There’s really no “normal” way to parent anymore— at this point, we’ve heard it all… From celebrities spitting pre-chewed food into their toddlers’ mouths to families forgoing “the system” to rear “free-range” children who don’t wear shoes and eat every plant they see. However, one taboo remains: having a kid with your sibling. Except in a few cases— like the case of Samuel Leighton-Dore and his sister.
It’s not weird— we promise. Although, we admit his blog post about the scenario starts off rather oddly: “I’m going to have a baby with my sister, and we couldn’t be more excited.”
Leighton-Dore, who is gay, plans to have a child with his partner— but wants the child to actually be a genetic combination of the two of them. “The only possible chance my partner and I have of waving our respective biological flags in our future kid’s DNA is if my sister donates an egg for my partner’s sperm,” he wrote in a post on parenting blog Mamamia. “No, she won’t be carrying the baby—just offering up the bun for another yet-to-be-determined woman’s oven.”
This hypothetical baby may not happen for a while, though.
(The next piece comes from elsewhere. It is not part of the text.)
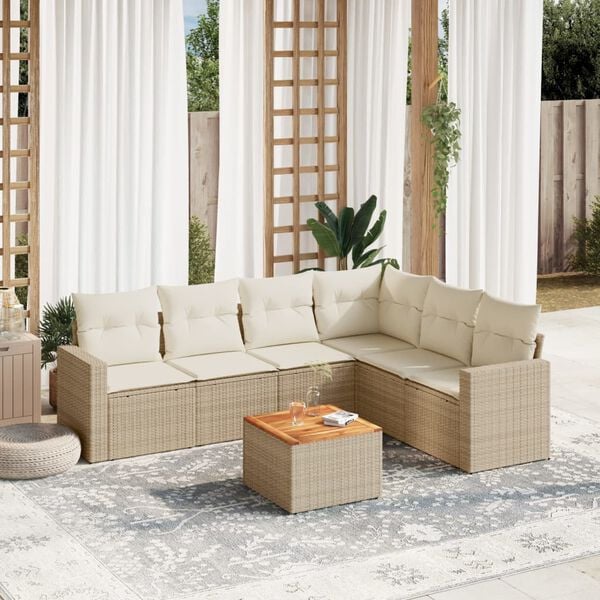 vidaXL 7 Piece Garden Sofa Set with Cushions Beige Poly Rattan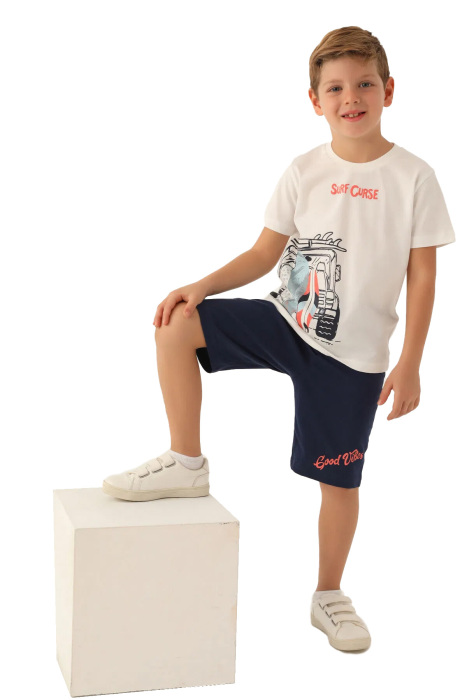 RolyPoly Erkek Çocuk Bermuda Takım - RP3347-G Krem - 3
Leighton-Dore said he and his partner won’t be starting a family for quite some time, but they are planning ahead.
So, he asked his sister while they were both “a little drunk at a family function,” (the best time to ask for anything). And it seemed to work: he wrote that she “squealed in delight at the prospect.”
Whatever happens, this will be one lucky kid.
Just read the last line of the blogpost.
And yeah, our family story might have a few extra narrative beats, a few extra laughs, and a few extra challenges. But one thing’s for sure, when the time comes – it’ll always be told with unconditional love.